Loving Well.

It rained on Saturday. Not a steady, all-day downpour, but an on and off drip. As we pulled into Fort Snelling, the drips subsided and the clouds thinned. Damp, colorful red and yellow leaves littered the hollowed ground as searched for the grave. We stood, three figures, remembering and missing. For four years he’s been absent from us and in the presence of the Holy. The tombstone reads: “Alive in Christ” and as I stood, I tried to imagine what that meant for Dad and what it means for me. We left the cemetery and went on with our day, enjoying each other’s company, but missing Dad’s.

As I drove home yesterday, I pondered again Dad’s life and legacy. Once again, I remembered his love, humor, intelligence and wisdom and thanked God for it.

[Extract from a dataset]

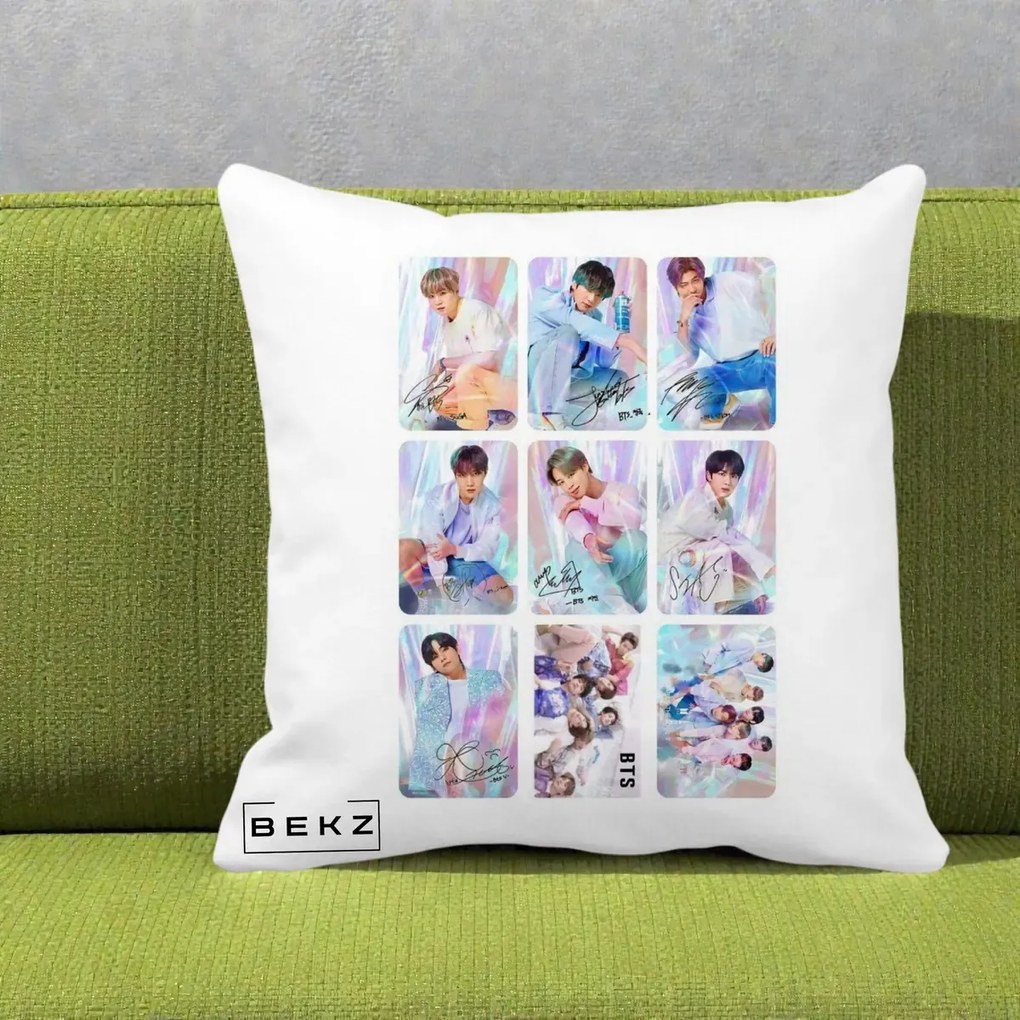 Perna Personalizata K-pop BTS Colaj 9 Fotografii Autografe Individual, 40x40 cm, Alba Mata, Husa Detasabila, Perna Inclusa, BEKZ®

Dad loved people well. But his love came at personal cost. An introverts introvert, dad would have preferred to live his life in his home surrounded by his books and music with his lovely wife by his side. He could have easily and happily stayed within the confines and safety of his home. But he loved God and God calls us to love others. So he did. Dad loved others through kind words. He loved them through hugs. He loved them through his teaching and wisdom. He loved them through his generosity. He loved them through faithfully and skillfully practicing his trade. People experienced God’s love because Dad saw every interaction as a means of showing God’s love.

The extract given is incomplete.